The companies themselves were able to recruit and retain low-skilled workers, working on high-cost machinery that required constant maintenance and investment. The machines had maintenance schedules, were constantly oiled, monitored, measured, and had parts regularly replaced because they were the core contributor to the profitability of a company.
A worker leaving the company had little impact on the capability of the business to create its product.
The information age has brought with it a shift in power toward the knowledge worker due to the nature of work. The information worker is a higher-cost resource, holds more tacit knowledge and intrinsically more value to a business, as their knowledge is part of the whole make-up and fabric of a company.
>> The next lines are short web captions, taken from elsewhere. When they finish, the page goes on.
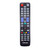 Genuine Samsung UE40D5520RK TV Remote Control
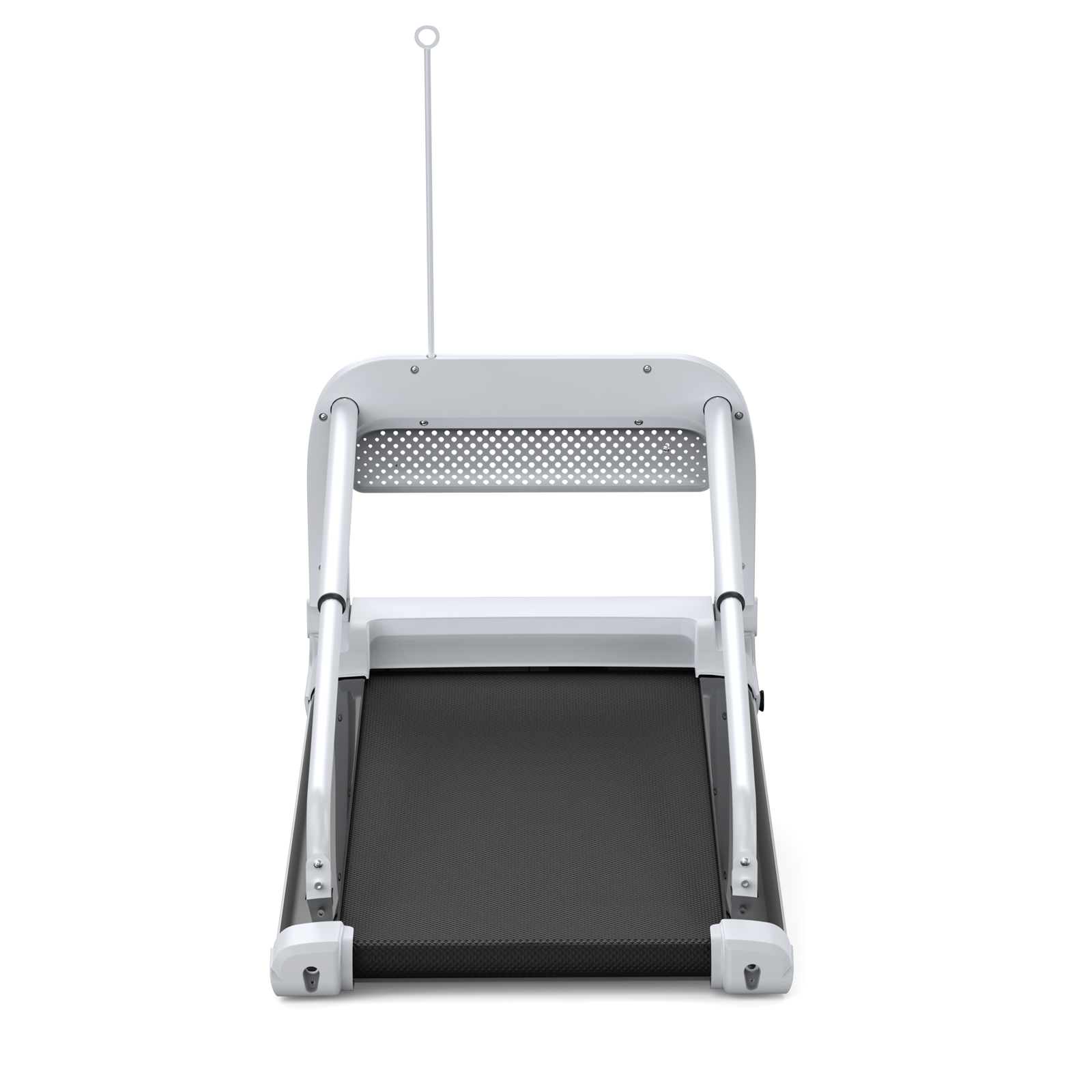 Quiet Smart Pet Treadmill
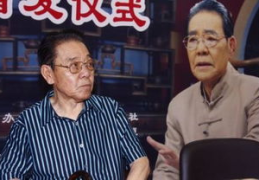 单田芳评书全集下载,传承经典，聆听历史的声音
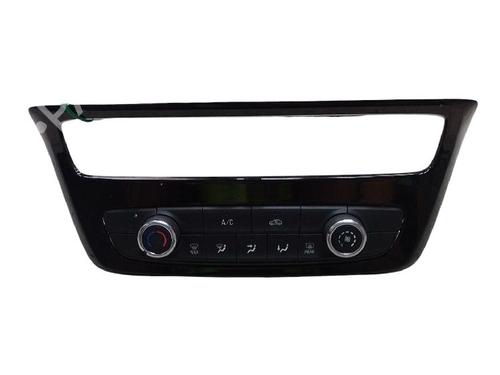 Climate control OPEL MOKKA 1.5 (76) | BP38204672I5 - Image 2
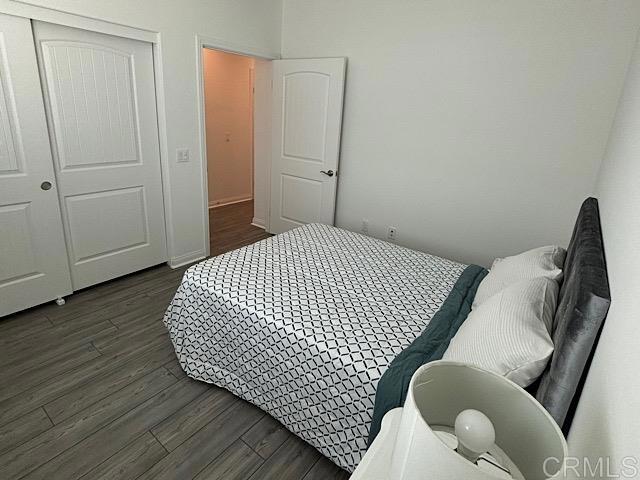 Detail Gallery Image 27 of 53 For 32826 Birchall Ct, Winchester,  CA 92596 - – Beds | – Baths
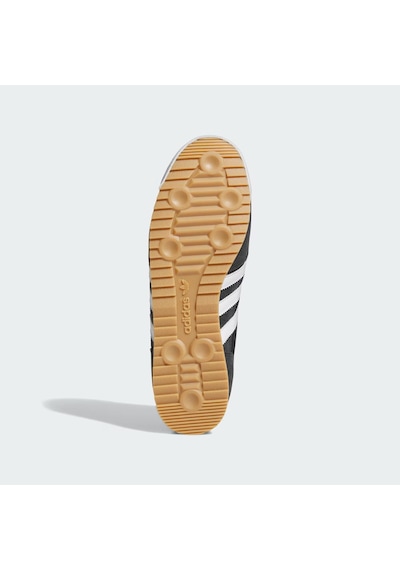 Adidas R71 Erkek Günlük Spor Ayakkabı C-adııh1324e10a00 Siyah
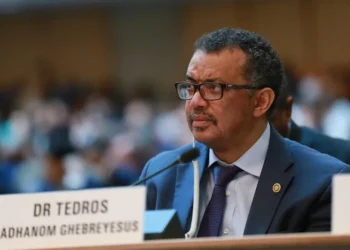 ჯანმოს გენდირექტორი აცხადებს, რომ მომდევნო პანდემია გარდაუვალია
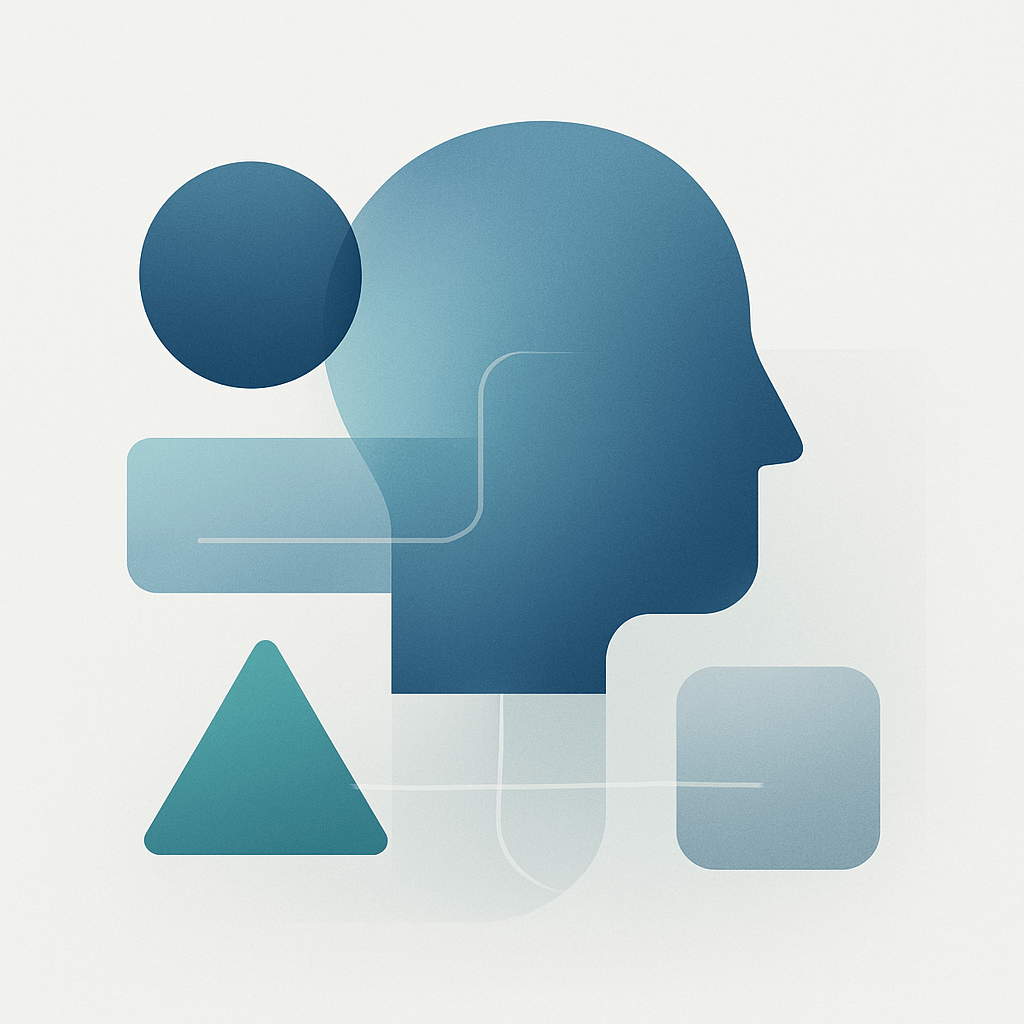 Securing Your Data on Azure: Features and Best Practices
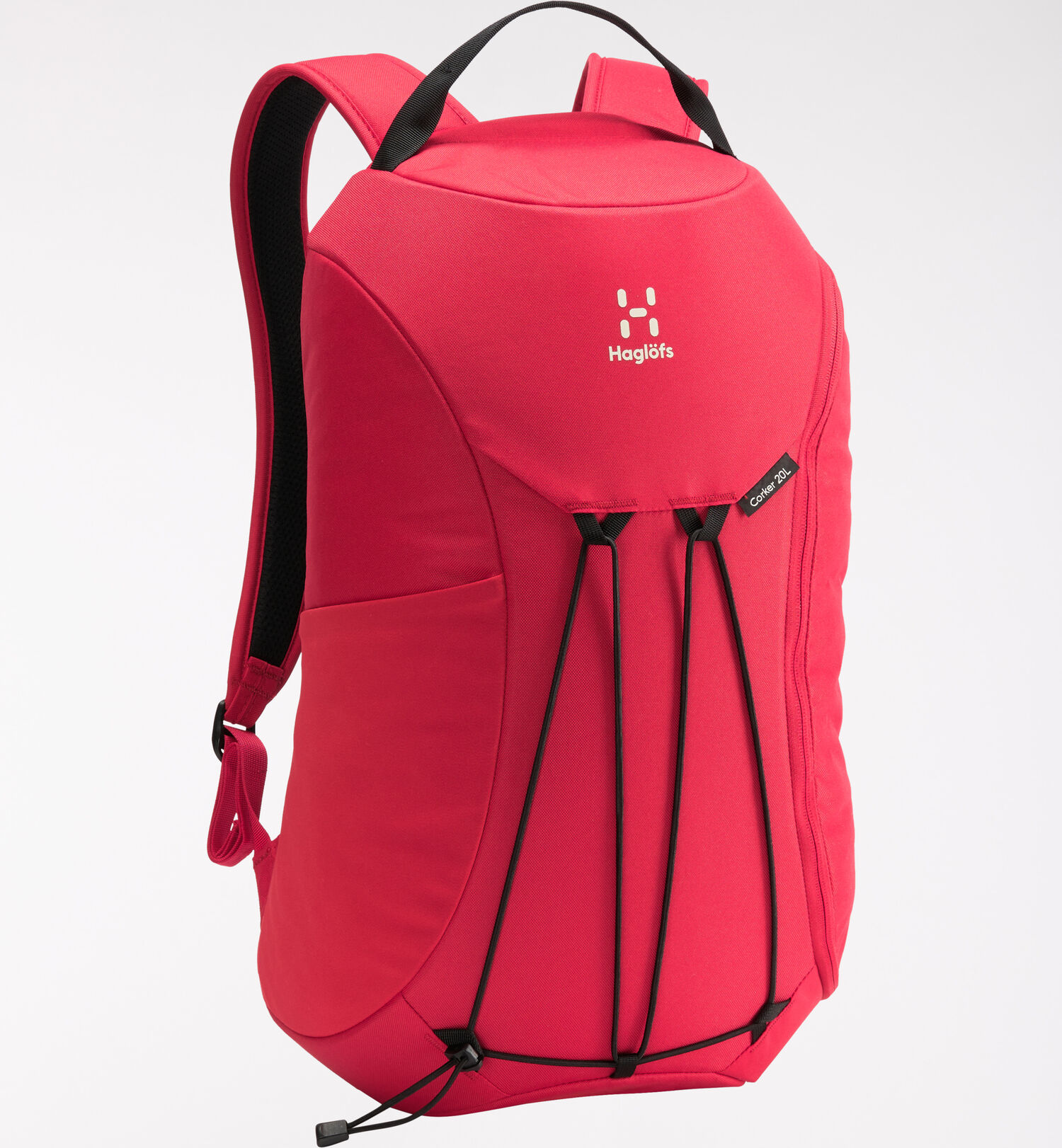 Corker 20L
Put bluntly “their brain is part of the machinery”. And therefore a business has more reliance on its people as resources, rather than its machinery (or infrastructure).
A worker leaving the company has a larger impact on the capability of the business to create its product or service. Tacit knowledge is leaving the business, a new worker is required and their induction into the collective takes far longer and costs a lot more.
So if brains are the machinery of your company, what kind of shape are they in?
How much are you investing in them, what does their maintenance schedule look like?
The software industry has a scarcity of resource, and this scarcity of resource has existed for a number of years. In the manpower survey of 2012, 25% of EMEA employers reported difficulty filling jobs due to a lack of available talent. It has led to you being in a talent war, having to pay c20% fees for recruitment of team members before they’ve walked through the door. Also, your best ‘machinery’ is at risk of being head-hunted by the competition.
So if you’re paying c20% to a 3rd party just to bring talent through the door, and your best talent is at risk of being pinched, how much should you be paying to develop and maintain that talent?